Step 3: The LLM model processes the query and determines that the user wants to get the current weather for a specific location. The location of interest is extracted from the query. The LLM model is aware of the tool "get_current_weather" that can perform this task. It sends a response with the tool and the required input parameters.
Step 4: The weather tool uses the input data and runs the tool to get the current weather for the given location. The weather forecast is a data that contains information such as temperature, humidity, precipitation, wind, etc is sent back to the LLM model.
Step 5: The LLM model interprets the weather information and generates a response to the user.
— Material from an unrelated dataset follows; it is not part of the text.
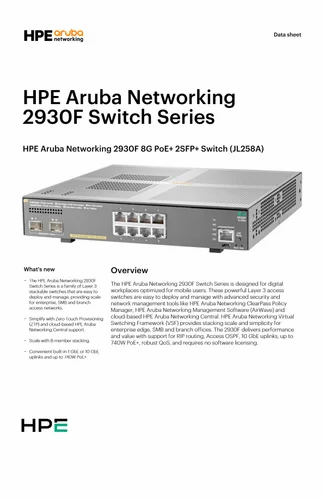 HPE Aruba JL258A-2930F 8G PoE 2SFP+ Network Switch at ₹ 82908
The response can be "It is currently 30 degrees Celsius in New Delhi with clear skies and a light breeze." The response is structured based on the user query and the instructions provided in prompt.
Conclusion
Function calling is a game-changer by allowing the LLMs to interact with the real world systems.
The integration to any external system can be acheived by simply publishing an API layer to interact with the system capabilities. This opens up a wide range of possibilities for building virtual assistants that can perform complex tasks and provide more value to the users.